* MATERIAL FOR THIS TASK:
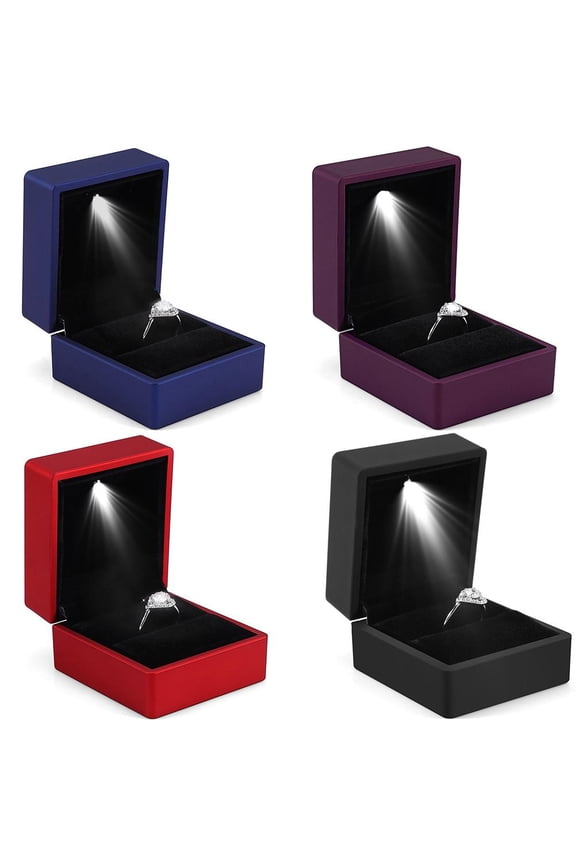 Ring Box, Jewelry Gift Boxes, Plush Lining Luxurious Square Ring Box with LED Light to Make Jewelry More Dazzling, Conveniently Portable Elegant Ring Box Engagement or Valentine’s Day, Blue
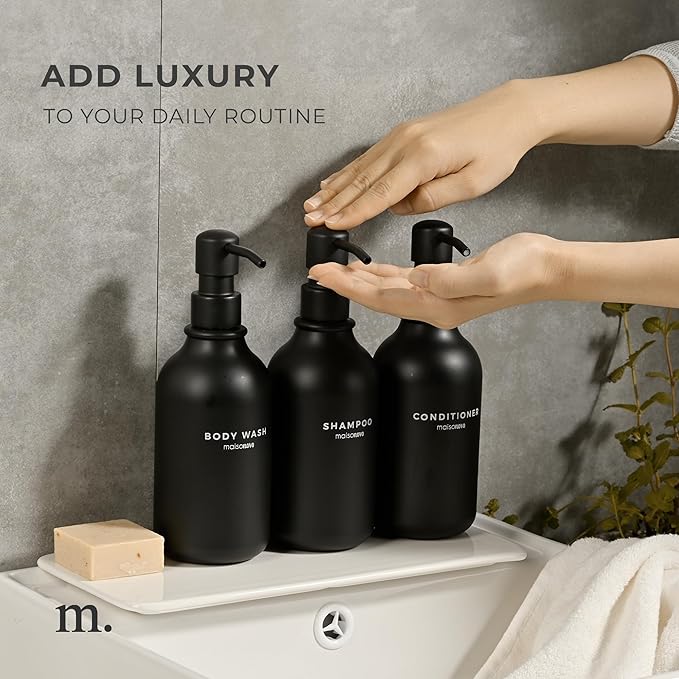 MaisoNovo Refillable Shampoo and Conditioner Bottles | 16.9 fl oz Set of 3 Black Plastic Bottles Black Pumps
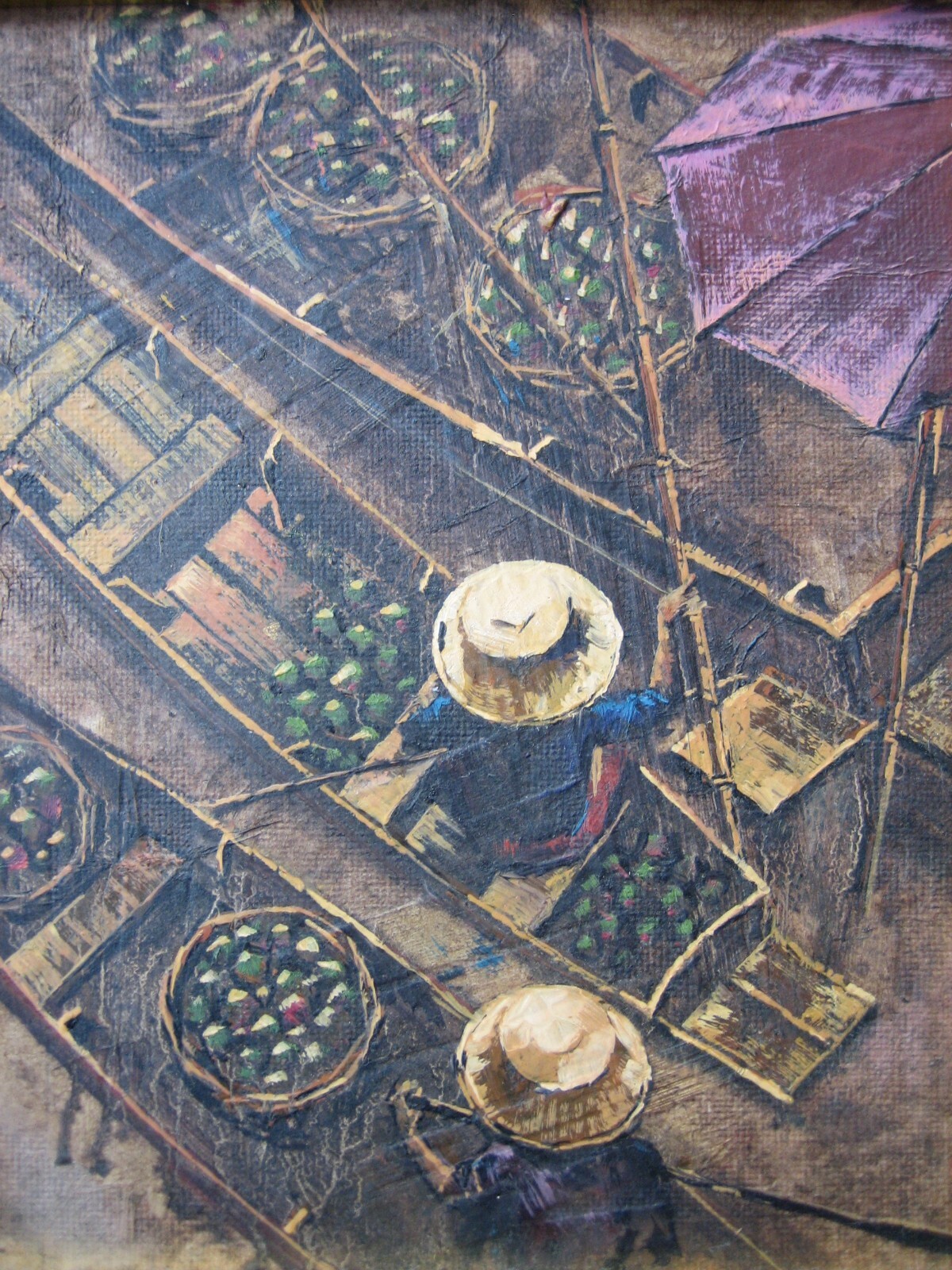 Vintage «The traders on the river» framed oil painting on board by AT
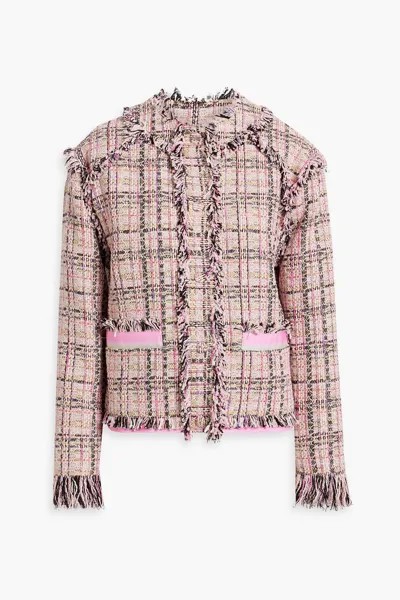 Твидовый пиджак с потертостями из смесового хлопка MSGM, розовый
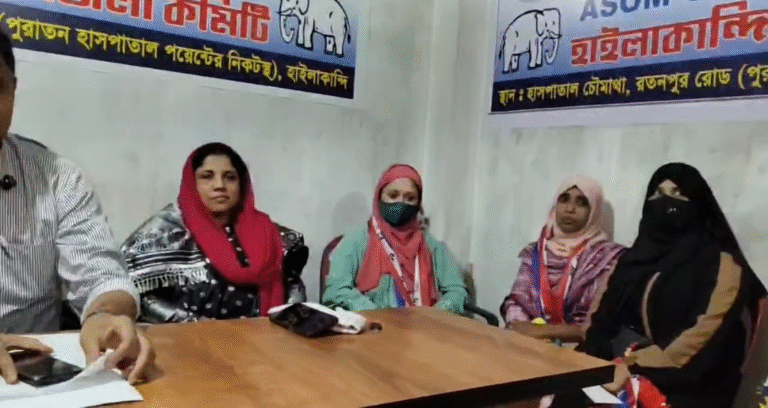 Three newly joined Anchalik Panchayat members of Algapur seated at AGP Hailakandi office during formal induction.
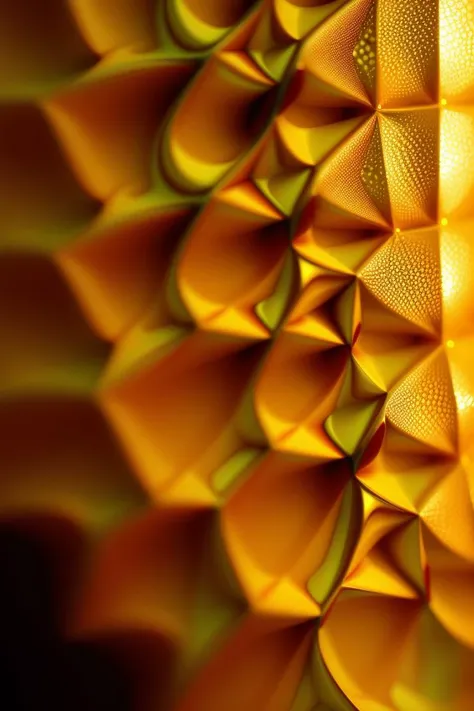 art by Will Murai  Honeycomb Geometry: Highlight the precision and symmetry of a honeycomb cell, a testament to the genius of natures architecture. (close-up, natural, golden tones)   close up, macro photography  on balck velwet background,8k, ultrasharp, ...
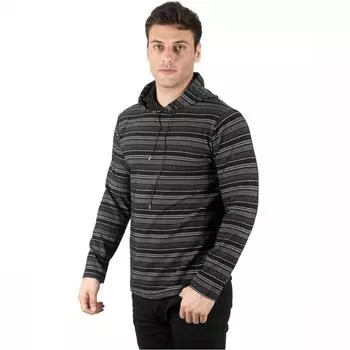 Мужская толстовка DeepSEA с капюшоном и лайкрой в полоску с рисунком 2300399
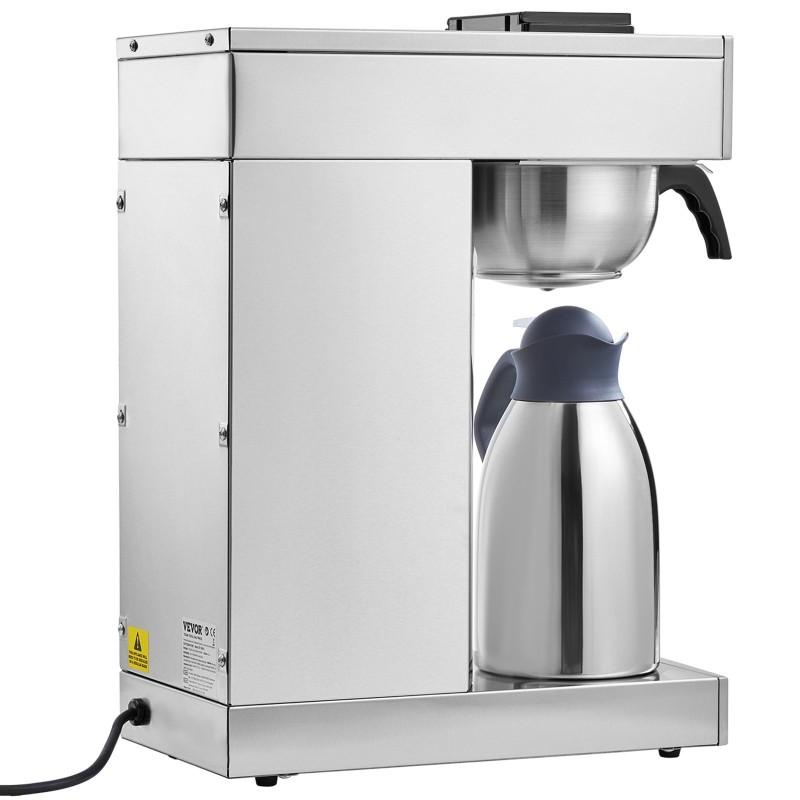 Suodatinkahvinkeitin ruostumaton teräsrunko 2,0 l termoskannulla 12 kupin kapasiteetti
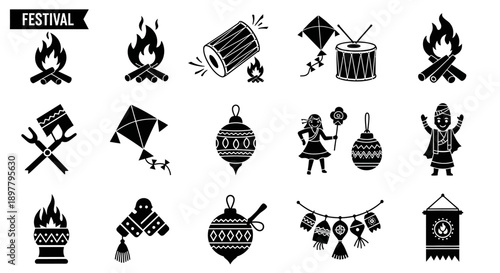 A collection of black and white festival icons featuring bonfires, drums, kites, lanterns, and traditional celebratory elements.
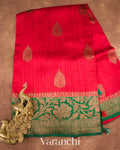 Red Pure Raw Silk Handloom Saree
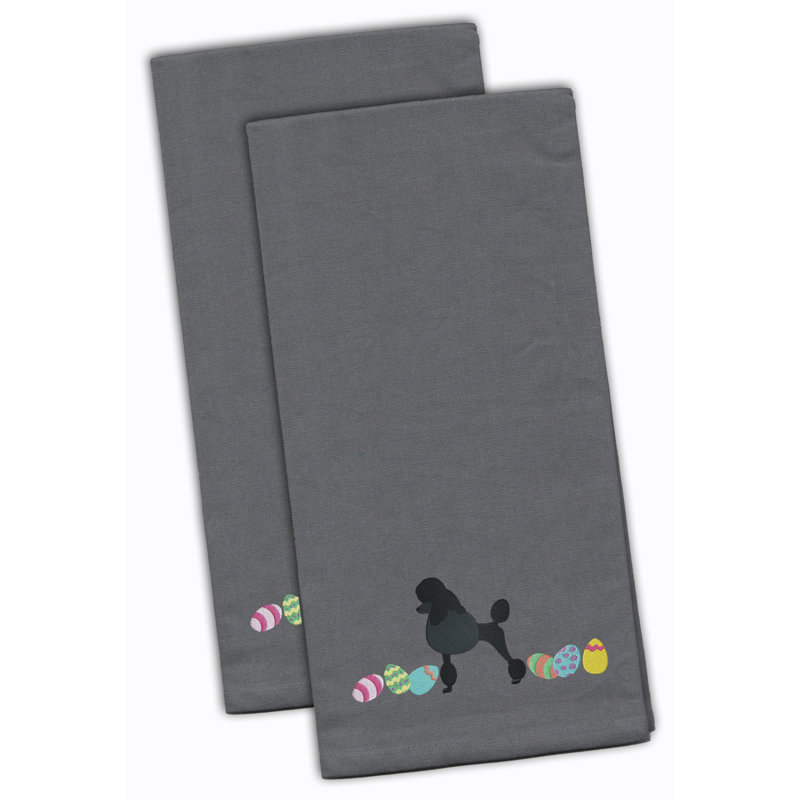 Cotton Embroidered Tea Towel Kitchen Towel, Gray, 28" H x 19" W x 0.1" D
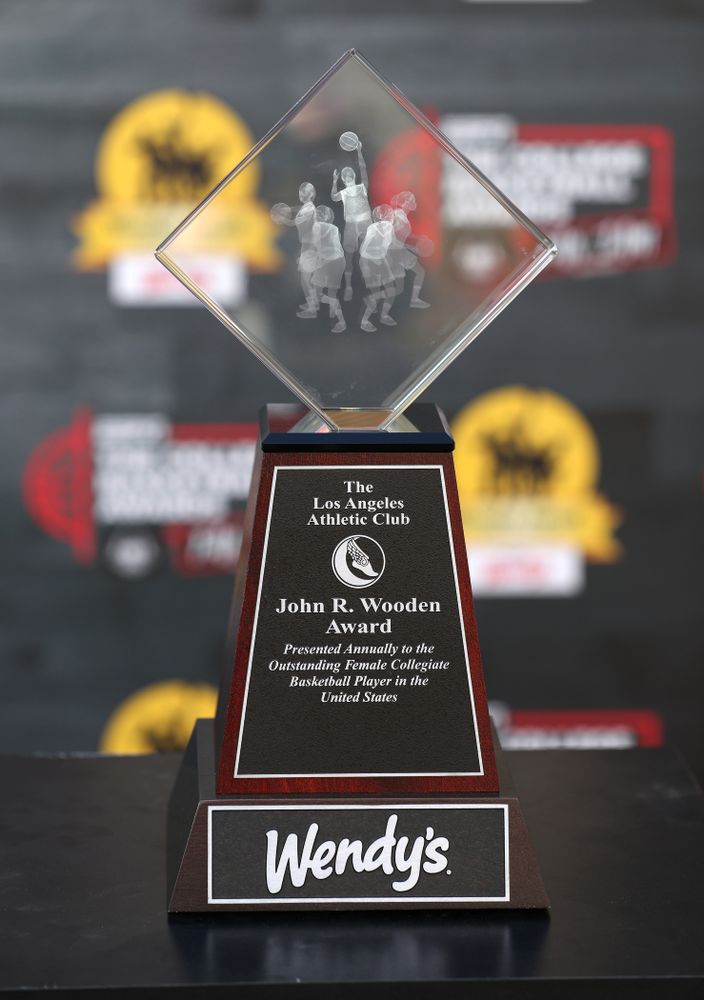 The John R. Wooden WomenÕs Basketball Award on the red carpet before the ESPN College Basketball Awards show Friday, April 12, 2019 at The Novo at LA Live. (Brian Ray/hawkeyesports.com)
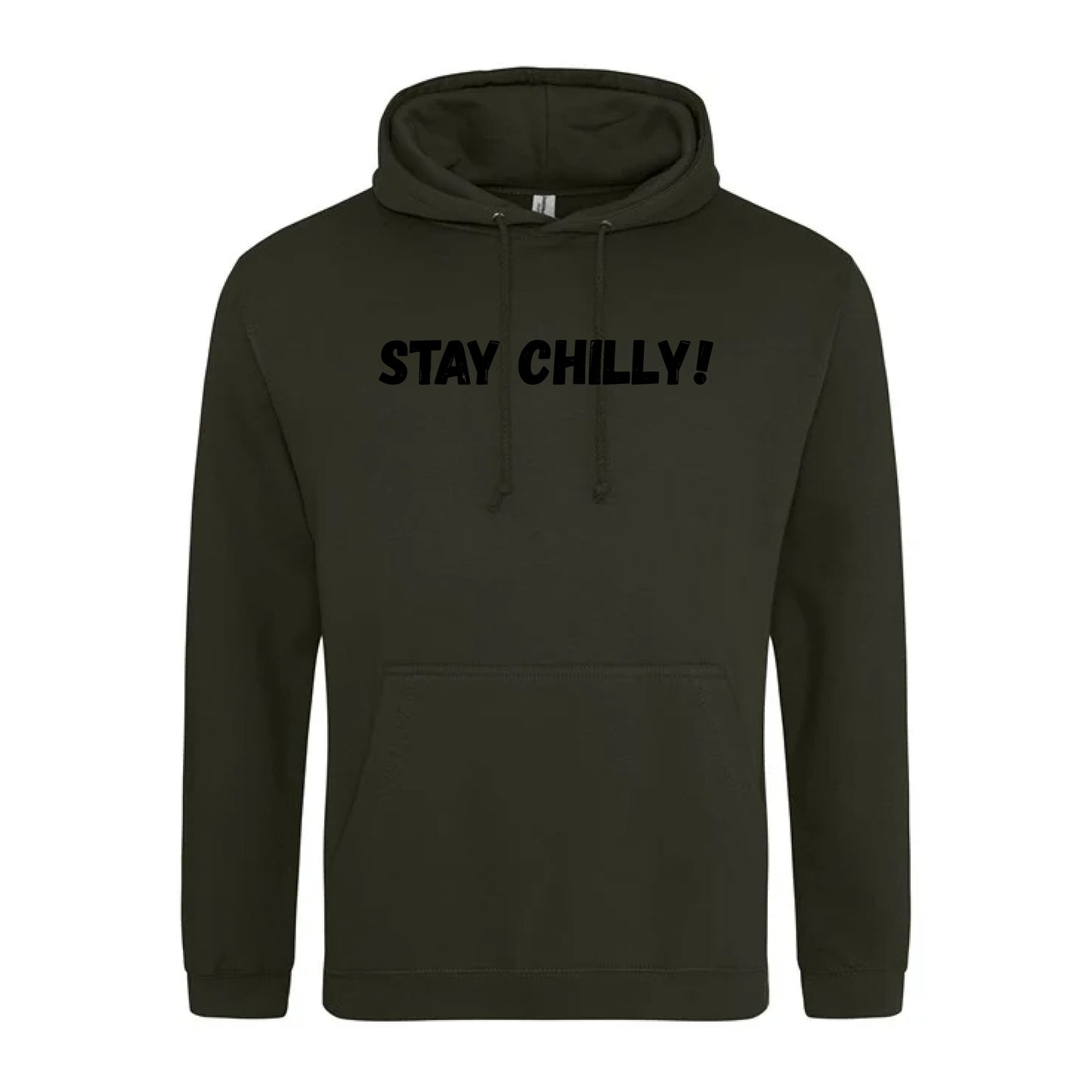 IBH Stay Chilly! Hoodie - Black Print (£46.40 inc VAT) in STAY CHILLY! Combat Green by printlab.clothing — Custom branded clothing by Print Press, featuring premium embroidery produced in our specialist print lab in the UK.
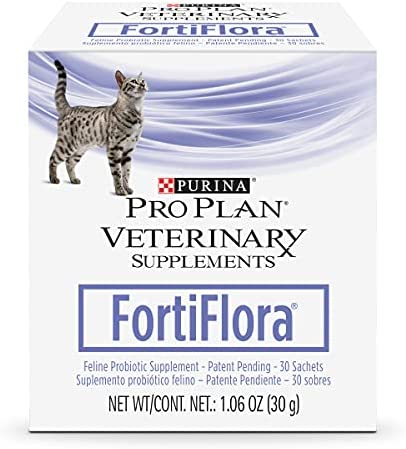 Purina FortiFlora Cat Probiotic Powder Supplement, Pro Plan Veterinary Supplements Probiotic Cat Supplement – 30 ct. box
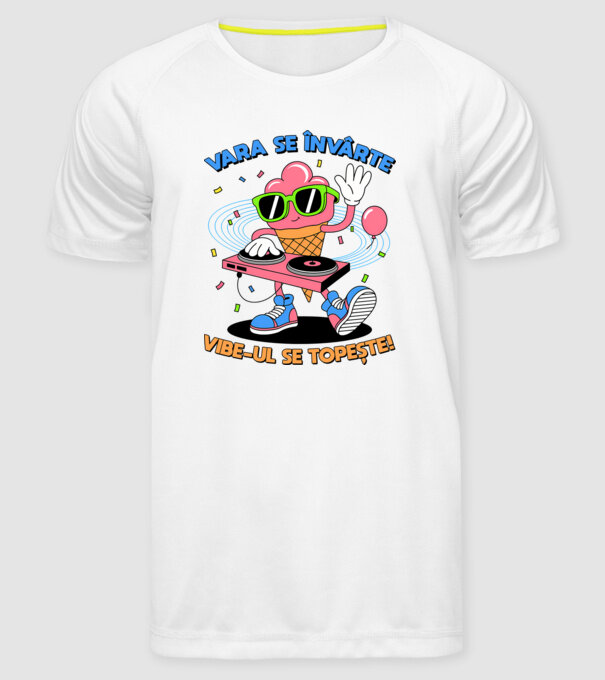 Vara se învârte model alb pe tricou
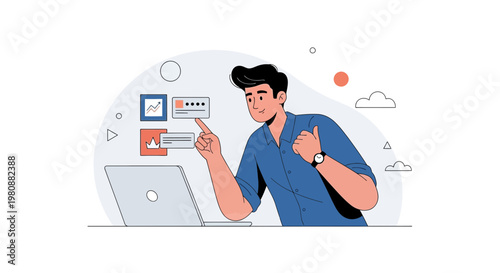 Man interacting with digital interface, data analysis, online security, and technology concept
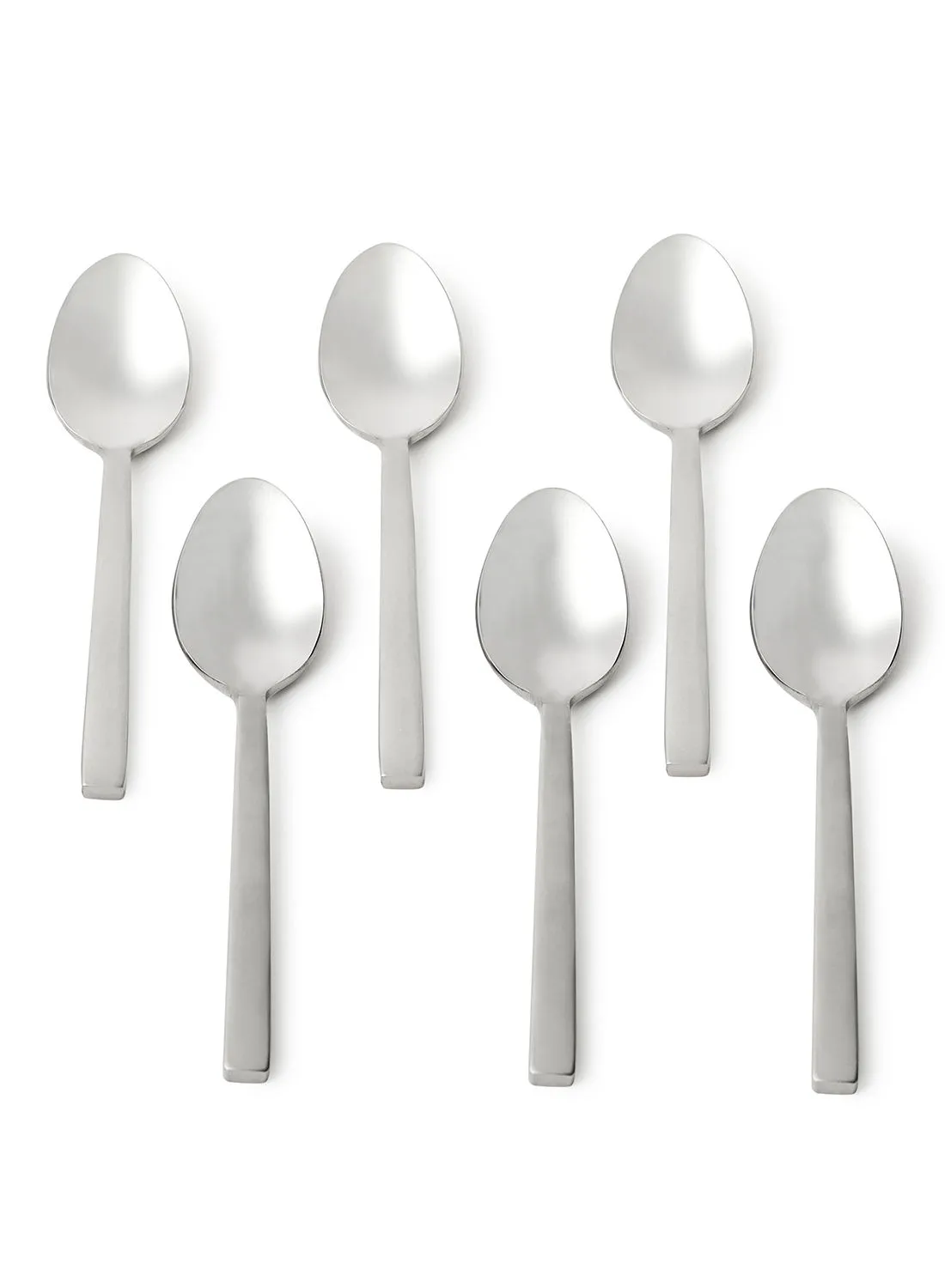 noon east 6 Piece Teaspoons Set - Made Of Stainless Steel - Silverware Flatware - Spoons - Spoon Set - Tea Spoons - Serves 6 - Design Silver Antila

* GOAL OF THE EXERCISE:
Here the job is to copy the stretch of records from the line containing "art by Will" through the line containing "Мужская толстовка DeepSEA", word for word. Leave every picture out.

* COMPLETED EXERCISE:
 art by Will Murai  Honeycomb Geometry: Highlight the precision and symmetry of a honeycomb cell, a testament to the genius of natures architecture. (close-up, natural, golden tones)   close up, macro photography  on balck velwet background,8k, ultrasharp, ...
 Мужская толстовка DeepSEA с капюшоном и лайкрой в полоску с рисунком 2300399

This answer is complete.